• [PROMPT] Give back, exactly and with nothing else, the lines running from the one that contains "Ofensiva. De Zubillaga" to the end of the entries below; do not include pictures.
EXTRACTED MATERIAL Block Start
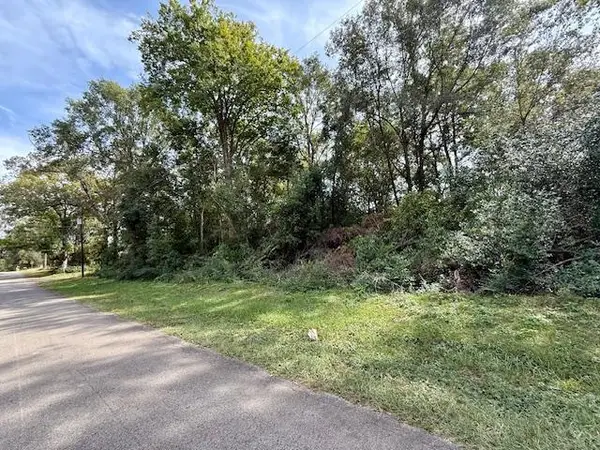 915 E Court Street, Newton, TX 75966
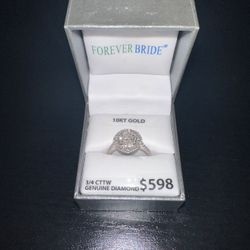 10 KT White Gold Ring 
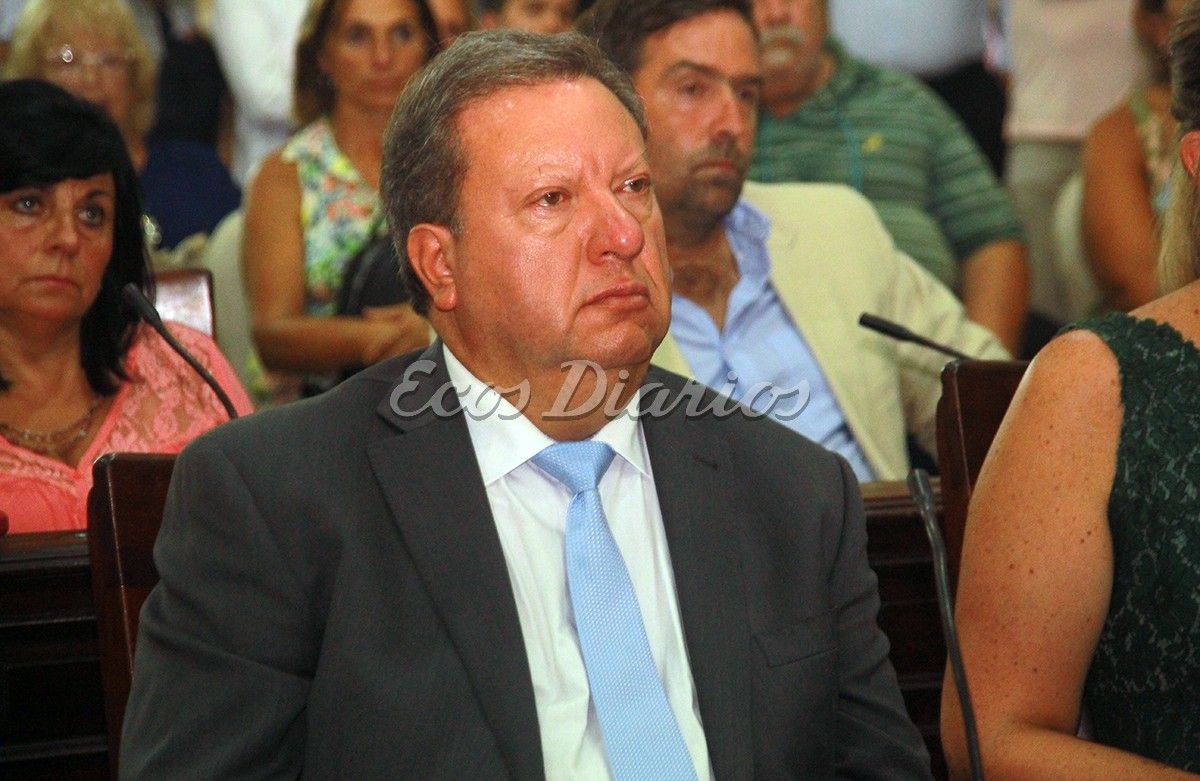 Ofensiva. De Zubillaga contra concejales que no votaron la suba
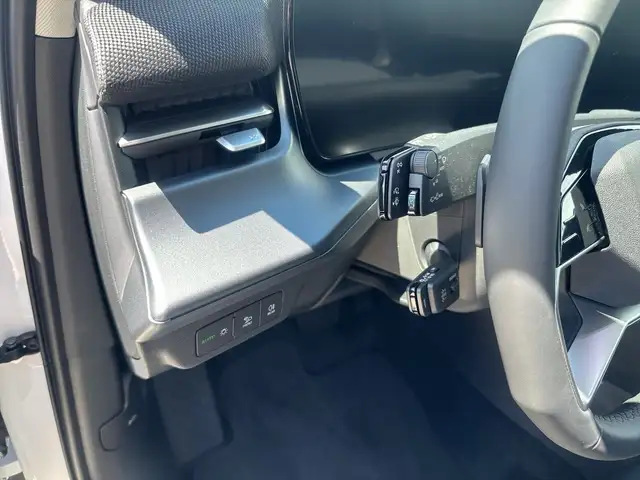 Audi Q3 view 11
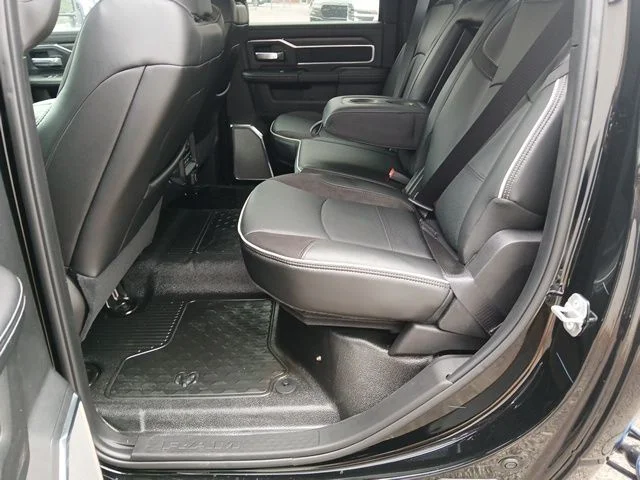 New 2026 Diamond Black Crystal Pearl-Coat Exterior Paint RAM Laramie image 15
EXTRACTED MATERIAL Block End
• [TASK ANSWER]
 Ofensiva. De Zubillaga contra concejales que no votaron la suba
 Audi Q3 view 11
 New 2026 Diamond Black Crystal Pearl-Coat Exterior Paint RAM Laramie image 15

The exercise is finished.